I was doing pure economic theory -  which was intellectually satisfying, but increasingly unrealistic as a description of reality. I wanted to see what people actually do, rather than what they should do if acting optimally. 

  1. What question or problem currently motivates your research the most, and why?

Currently, I am investigating behaviour under ambiguity, both static and dynamic. While there are many theories of optimal behaviour under ambiguity, there is remarkably little on actual behaviour. I aim to fill this gap.

  1. What do you see as the most important developments or challenges for behavioural and experimental economics over the next 5–10 years?
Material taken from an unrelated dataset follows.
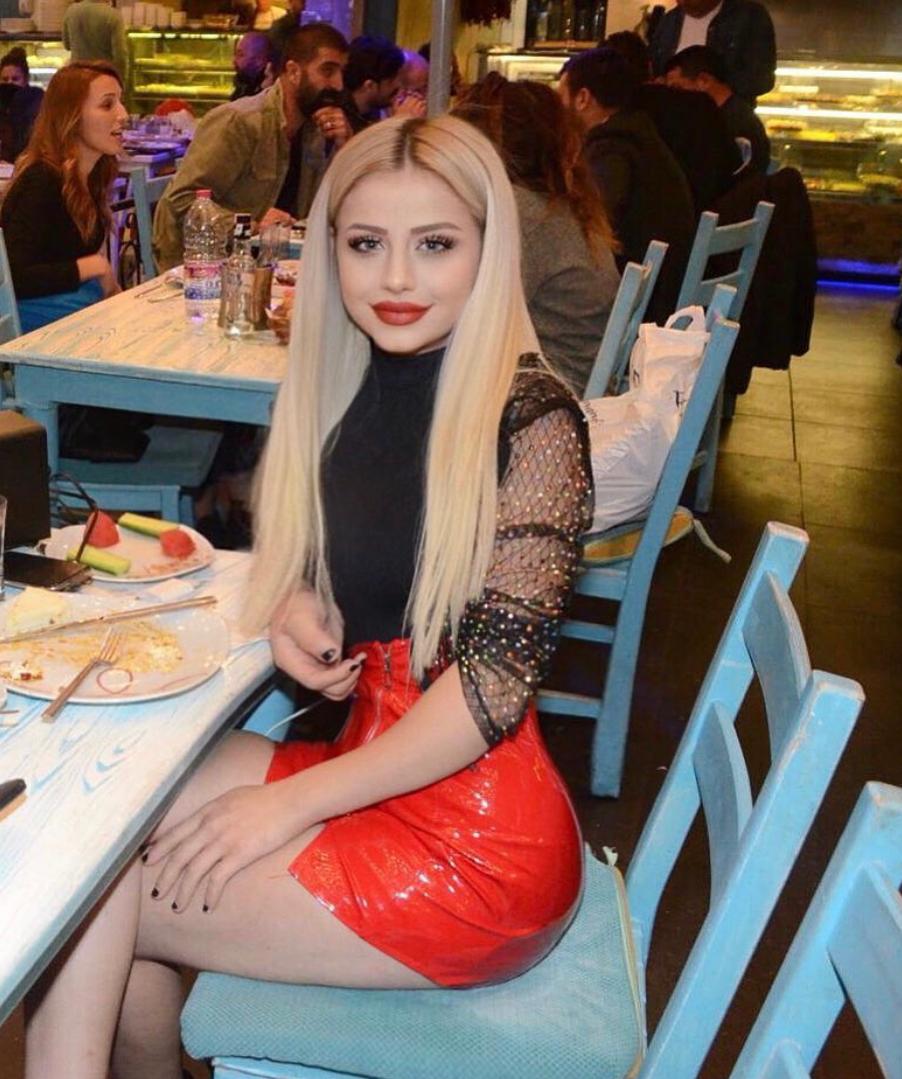 Ela Beyazit Escort Profil Resmi Ela - Beyazit VIP Escort Bayan Modeli - Gerçek Fotoğraflı İlan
It needs to discover actual behaviour (both static and dynamic) in conditions of ambiguity. This will be difficult, and involve the investigation of ad hoc rules or rules of thumb. We need to steer experimental economics away from investigating the validity of theories of optimal behaviour. This latter assumes a level of sophistication of decision-making which seems to far exceeds human ability.  

  1. How has your research evolved over time

See my article cited above – which traces the history of (some part of) experimental economics over the period since its birth.

  1. What are the biggest challenges you’ve faced in your research?

Convincing funding bodies that experimental work is worth the funds, both for payments to subjects, and for experimental infrastructure (machines, software and research assistance).At York, they want us to do experiments with Prolific – which I resist with all my strength.

  1. What advice would you give to PhD students or early-career researchers entering the field today?

Choose a good supervisor, one who is enthusiastic and knowledgeable about experimental economics, and listen to them.  Choose your topic area carefully as this will probably dominate your academic life. Avoid game theory.

  1. If you could redirect £10m of research funding tomorrow, what area would you direct them too?

I would avoid investigating game theory as too much work has been done in this field. I would prefer the investigation of behaviour under ambiguity and the evolution of social norms.